What to do:
Reproduce the entries that follow exactly. No picture should appear in the result.

Data for this exercise:
● ● ●

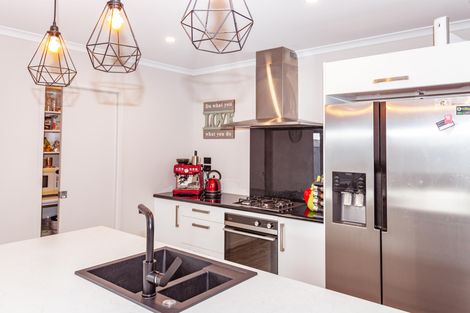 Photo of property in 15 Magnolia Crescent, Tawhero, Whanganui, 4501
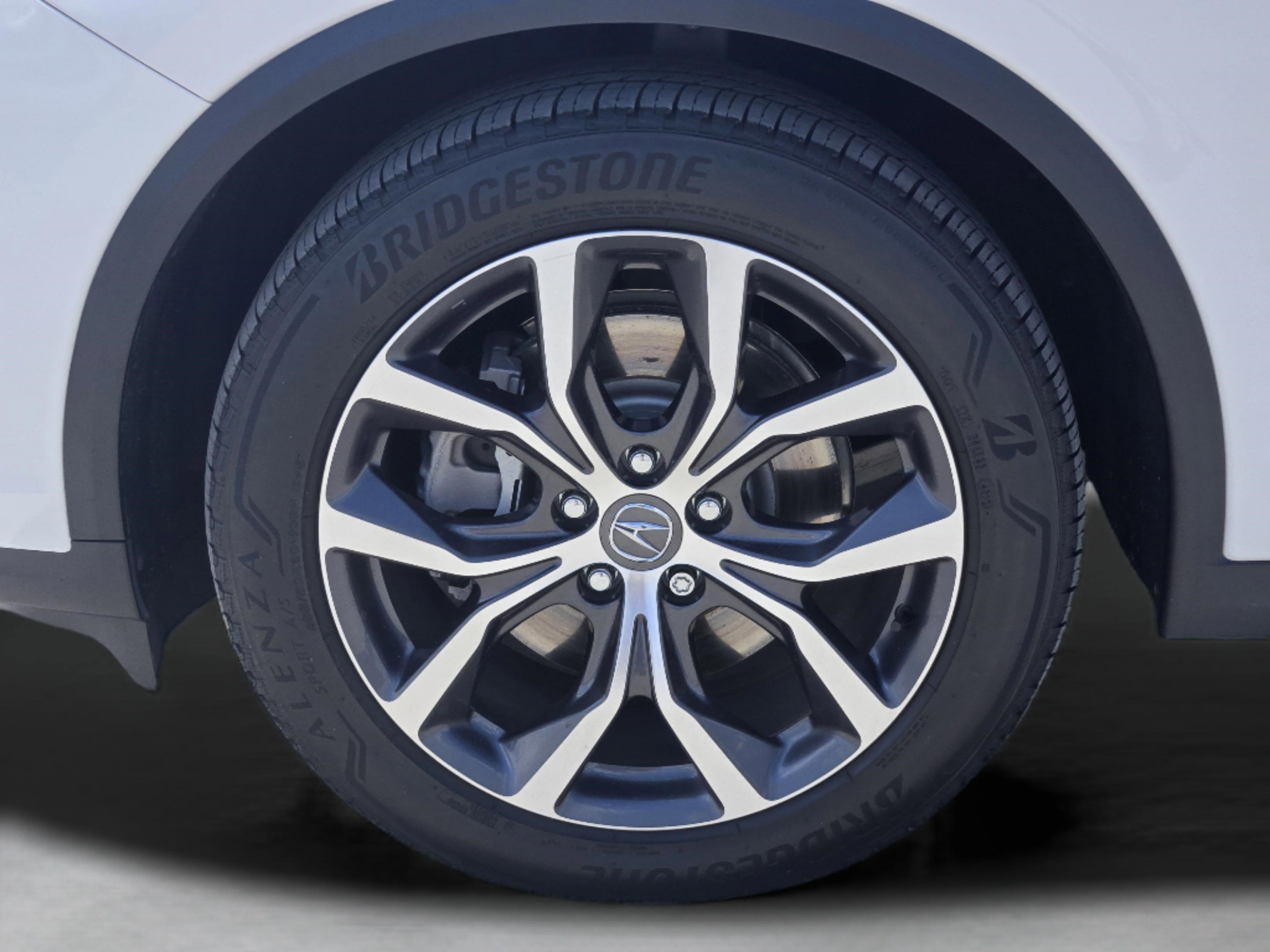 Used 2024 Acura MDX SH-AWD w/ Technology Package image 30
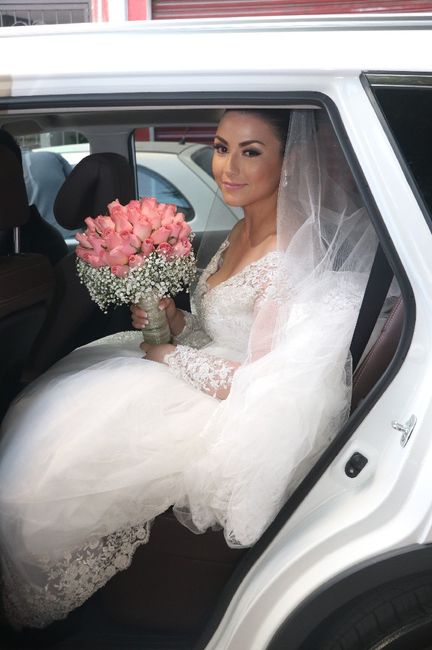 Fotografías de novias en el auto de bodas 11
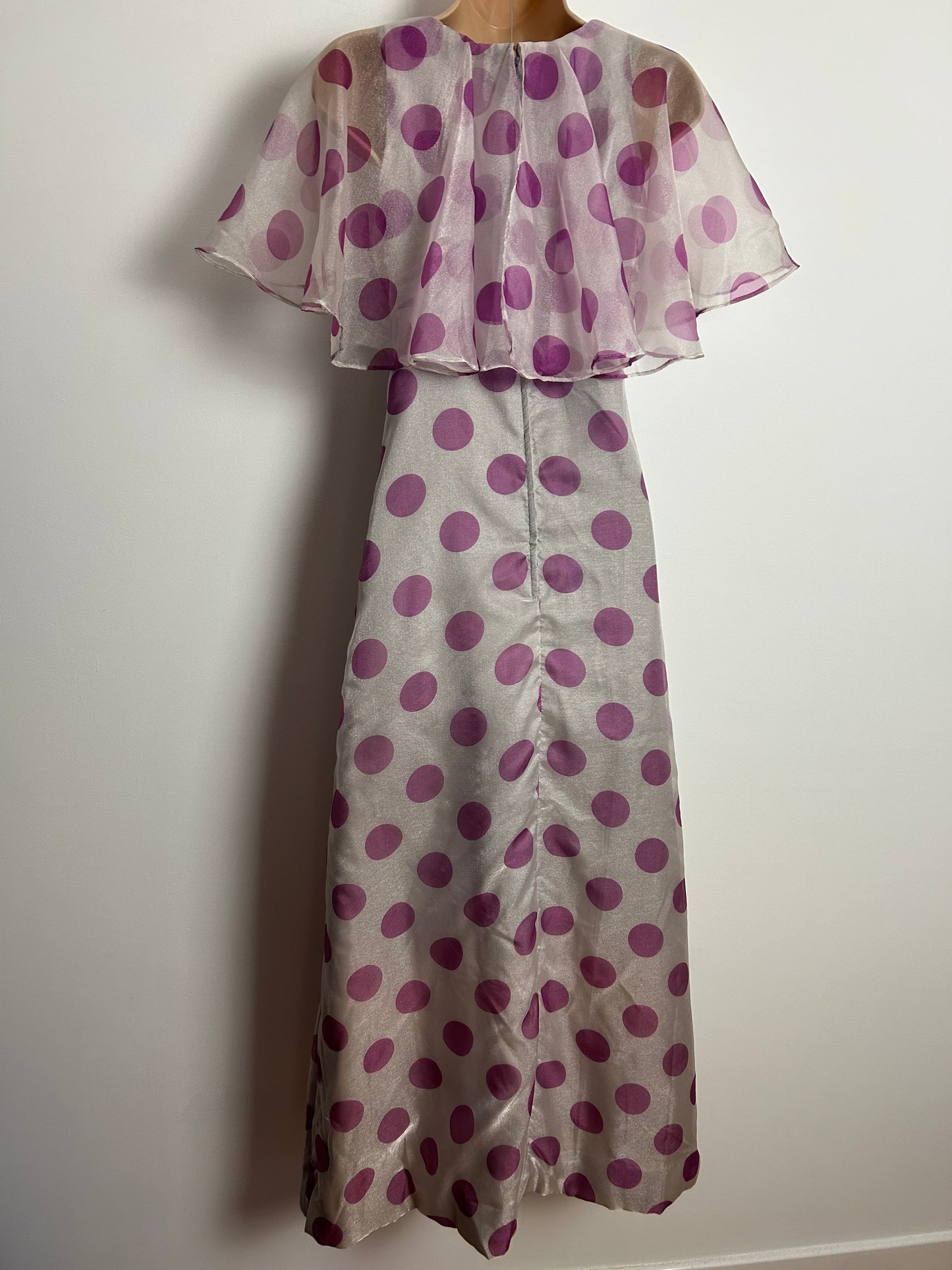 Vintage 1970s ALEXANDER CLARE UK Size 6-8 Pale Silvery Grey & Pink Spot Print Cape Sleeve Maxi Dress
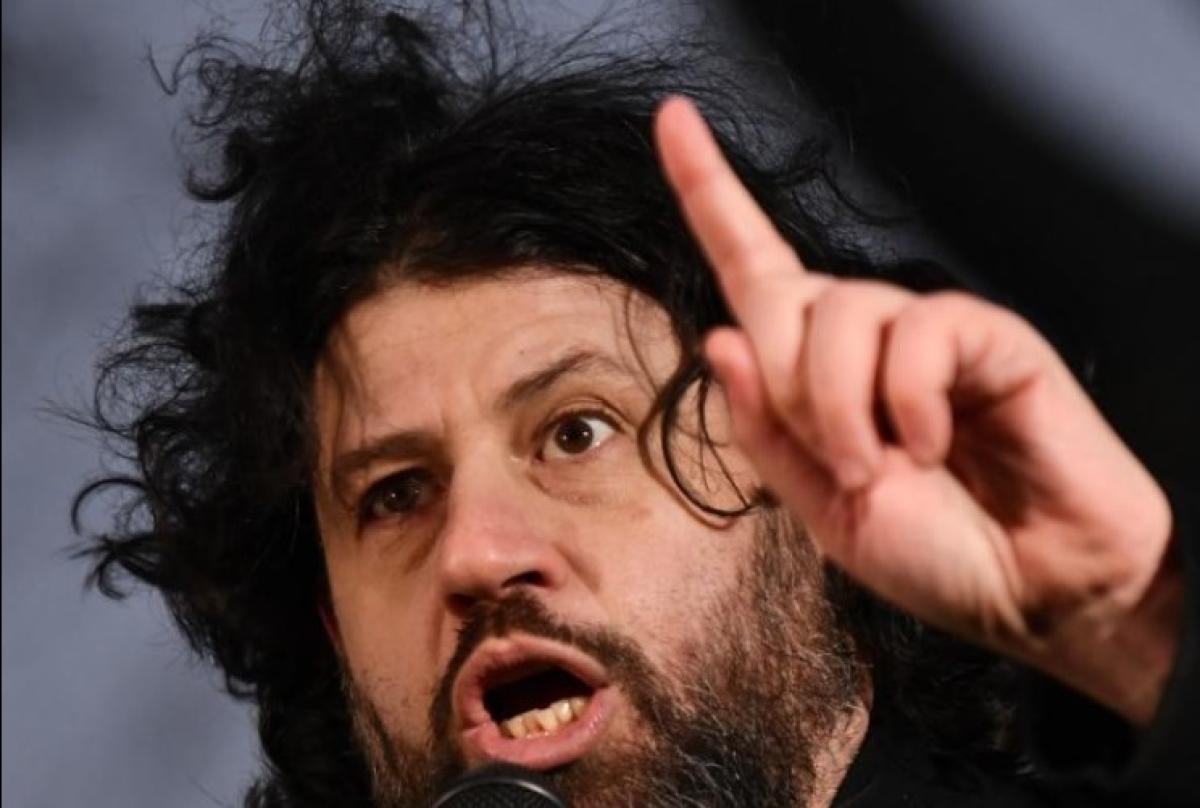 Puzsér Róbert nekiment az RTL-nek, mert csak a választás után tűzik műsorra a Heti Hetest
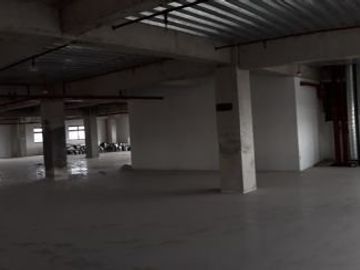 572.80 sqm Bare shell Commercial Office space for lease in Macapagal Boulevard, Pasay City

● ● ●

Output below:
 Photo of property in 15 Magnolia Crescent, Tawhero, Whanganui, 4501
 Used 2024 Acura MDX SH-AWD w/ Technology Package image 30
 Fotografías de novias en el auto de bodas 11
 Vintage 1970s ALEXANDER CLARE UK Size 6-8 Pale Silvery Grey & Pink Spot Print Cape Sleeve Maxi Dress
 Puzsér Róbert nekiment az RTL-nek, mert csak a választás után tűzik műsorra a Heti Hetest
 572.80 sqm Bare shell Commercial Office space for lease in Macapagal Boulevard, Pasay City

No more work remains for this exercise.